* RECORDED DATA

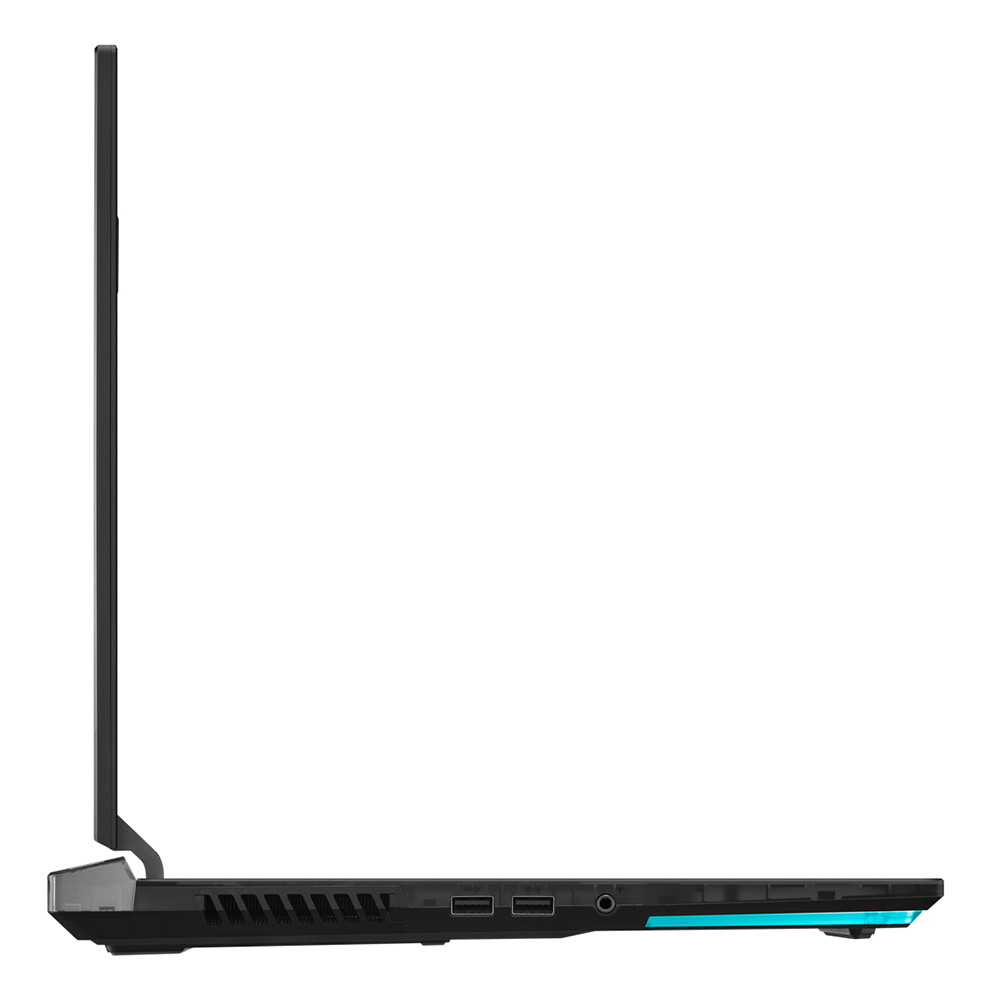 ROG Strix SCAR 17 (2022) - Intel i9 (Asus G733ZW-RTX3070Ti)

...

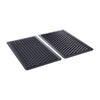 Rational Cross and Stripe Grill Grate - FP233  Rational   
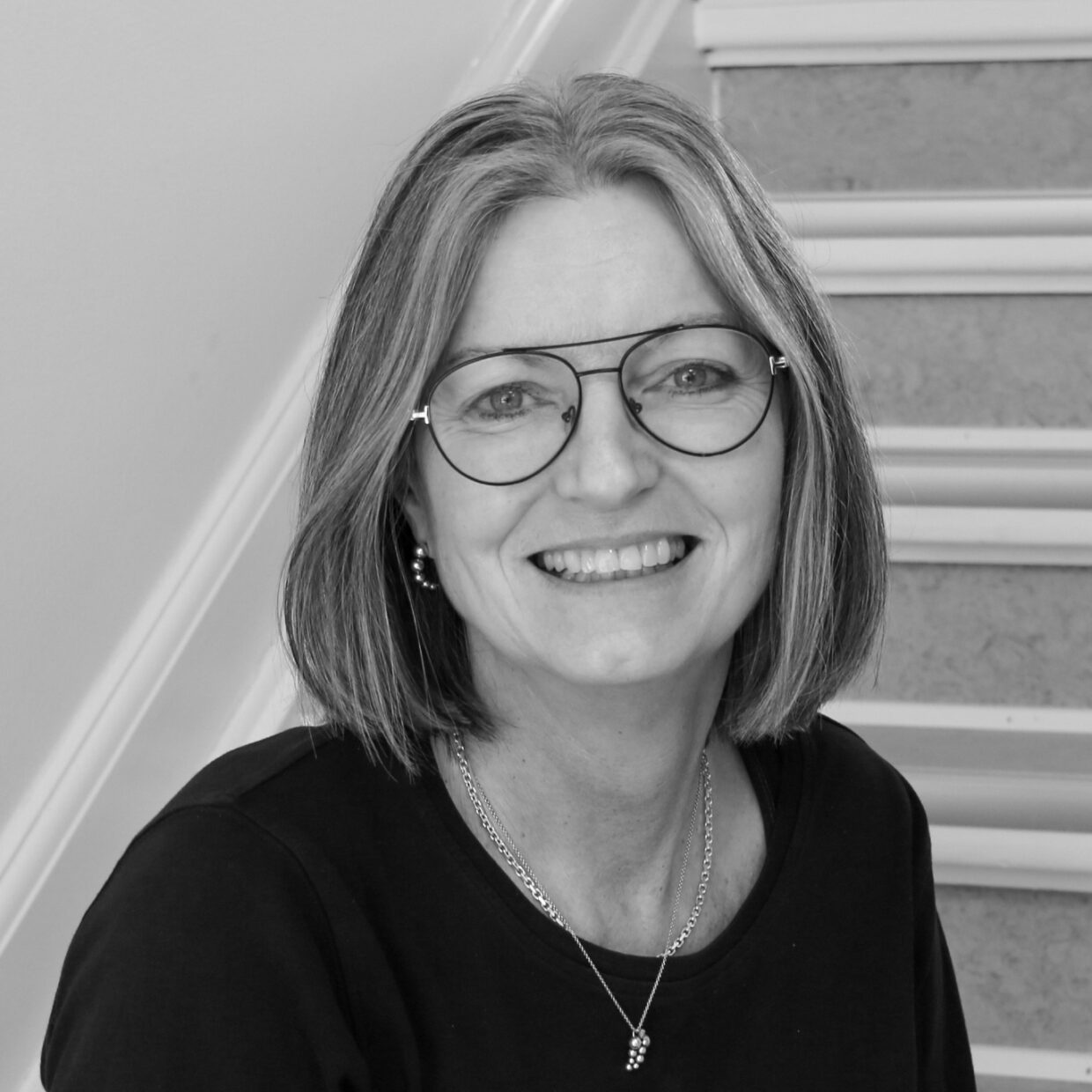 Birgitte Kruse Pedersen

==

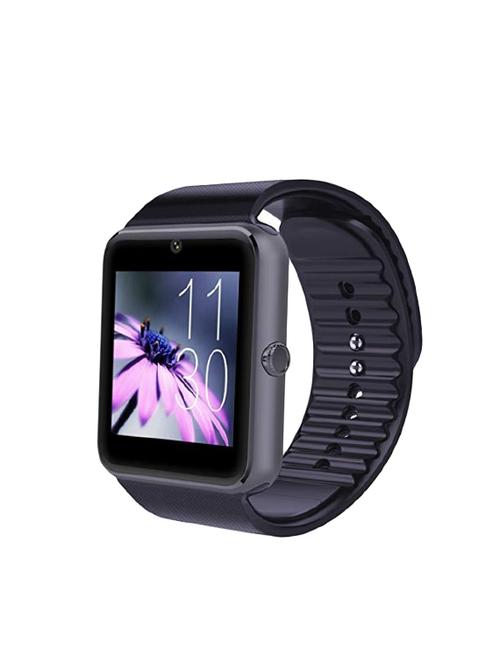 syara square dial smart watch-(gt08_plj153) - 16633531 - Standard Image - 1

* PROBLEM STATEMENT
The reply should hold exactly the lines above, starting at the line with "Rational Cross and" and ending at the line with "Birgitte Kruse Pedersen", and no pictures.

* RESPONSE BOX
 Rational Cross and Stripe Grill Grate - FP233  Rational   
 Birgitte Kruse Pedersen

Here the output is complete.